** Materials provided follows **

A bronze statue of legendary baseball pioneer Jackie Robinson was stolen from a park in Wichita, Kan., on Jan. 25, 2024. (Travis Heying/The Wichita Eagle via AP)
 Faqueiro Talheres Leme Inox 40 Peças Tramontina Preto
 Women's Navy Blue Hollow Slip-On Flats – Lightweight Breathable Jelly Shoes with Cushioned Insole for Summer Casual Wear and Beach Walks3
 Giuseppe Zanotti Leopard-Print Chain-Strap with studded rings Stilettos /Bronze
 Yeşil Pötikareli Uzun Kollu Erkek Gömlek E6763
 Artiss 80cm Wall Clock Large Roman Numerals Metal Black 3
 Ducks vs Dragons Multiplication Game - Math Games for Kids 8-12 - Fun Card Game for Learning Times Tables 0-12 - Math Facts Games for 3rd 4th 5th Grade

** End of Materials provided **

» **Work task**:
Reproduce the full set of records precisely.

» **Answer to the exercise**:
A bronze statue of legendary baseball pioneer Jackie Robinson was stolen from a park in Wichita, Kan., on Jan. 25, 2024. (Travis Heying/The Wichita Eagle via AP)
 Faqueiro Talheres Leme Inox 40 Peças Tramontina Preto
 Women's Navy Blue Hollow Slip-On Flats – Lightweight Breathable Jelly Shoes with Cushioned Insole for Summer Casual Wear and Beach Walks3
 Giuseppe Zanotti Leopard-Print Chain-Strap with studded rings Stilettos /Bronze
 Yeşil Pötikareli Uzun Kollu Erkek Gömlek E6763
 Artiss 80cm Wall Clock Large Roman Numerals Metal Black 3
 Ducks vs Dragons Multiplication Game - Math Games for Kids 8-12 - Fun Card Game for Learning Times Tables 0-12 - Math Facts Games for 3rd 4th 5th Grade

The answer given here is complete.